WORK ORDER: Images are to be skipped; everything else in the records must be repeated exactly.

DATA IN THIS EXERCISE:
*** Begin section ***
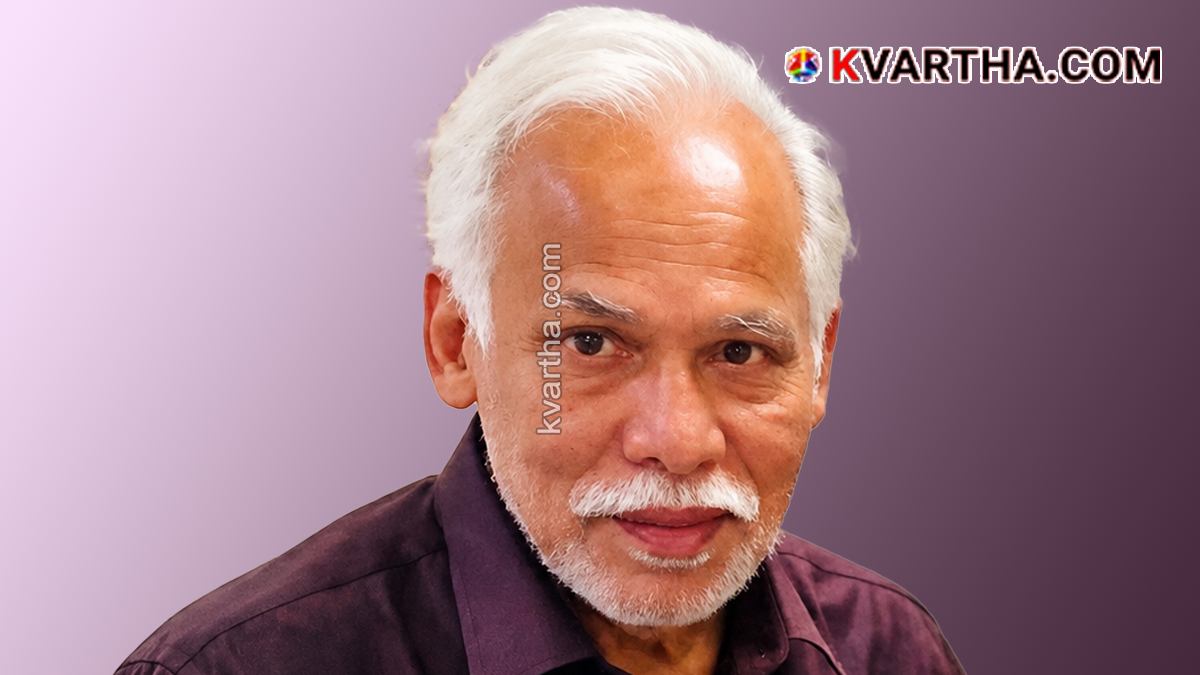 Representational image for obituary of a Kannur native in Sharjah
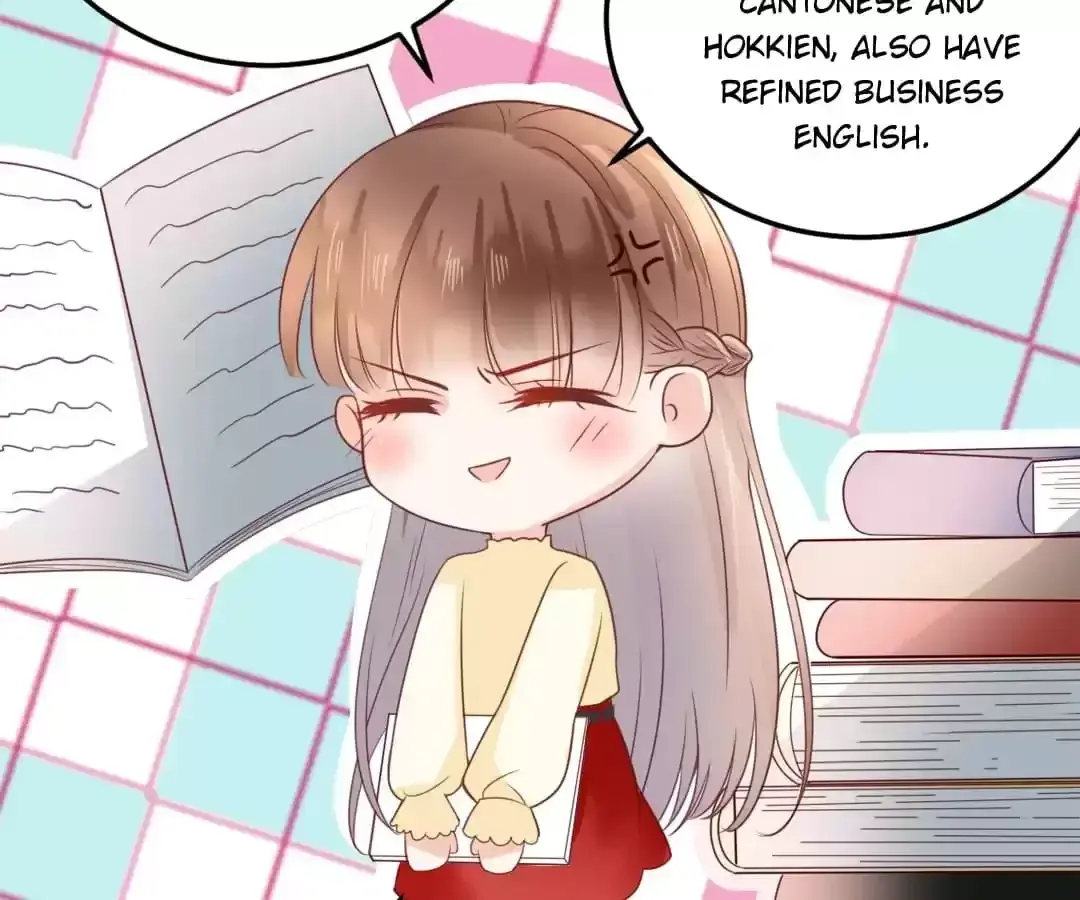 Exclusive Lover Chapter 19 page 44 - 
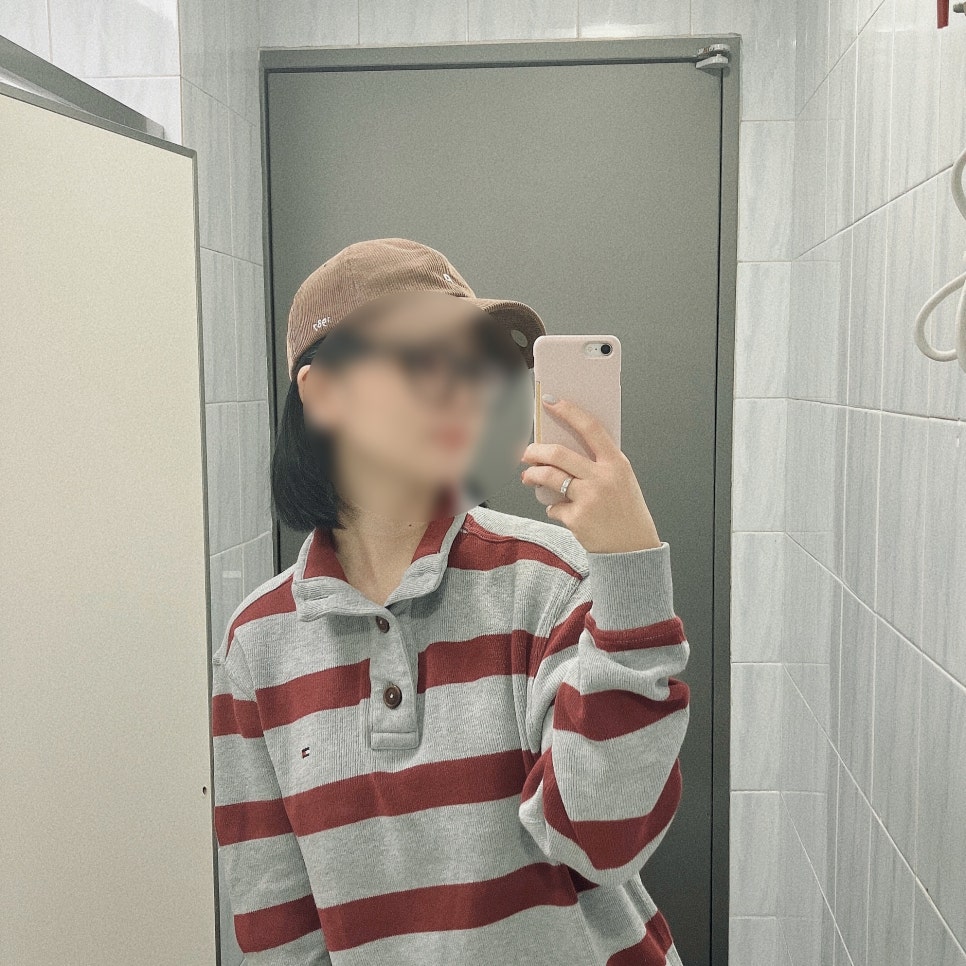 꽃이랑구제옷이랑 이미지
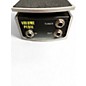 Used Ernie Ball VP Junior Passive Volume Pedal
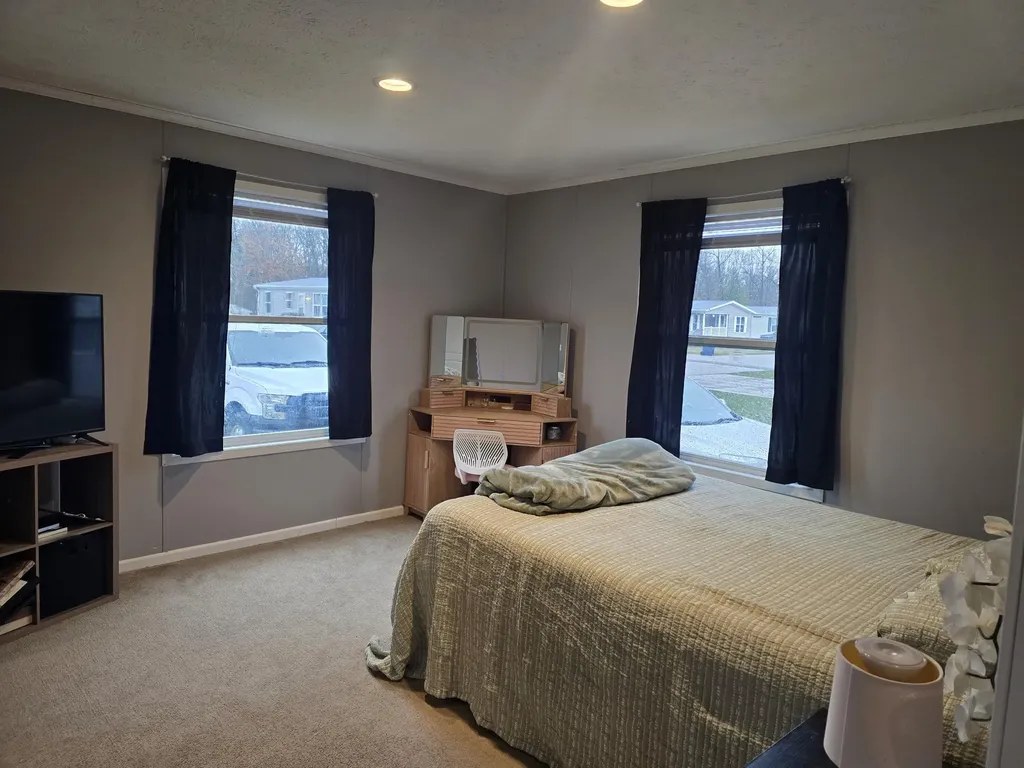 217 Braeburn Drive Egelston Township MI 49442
*** End section ***
RESPONSE AREA:
 Representational image for obituary of a Kannur native in Sharjah
 Exclusive Lover Chapter 19 page 44 - 
 꽃이랑구제옷이랑 이미지
 Used Ernie Ball VP Junior Passive Volume Pedal
 217 Braeburn Drive Egelston Township MI 49442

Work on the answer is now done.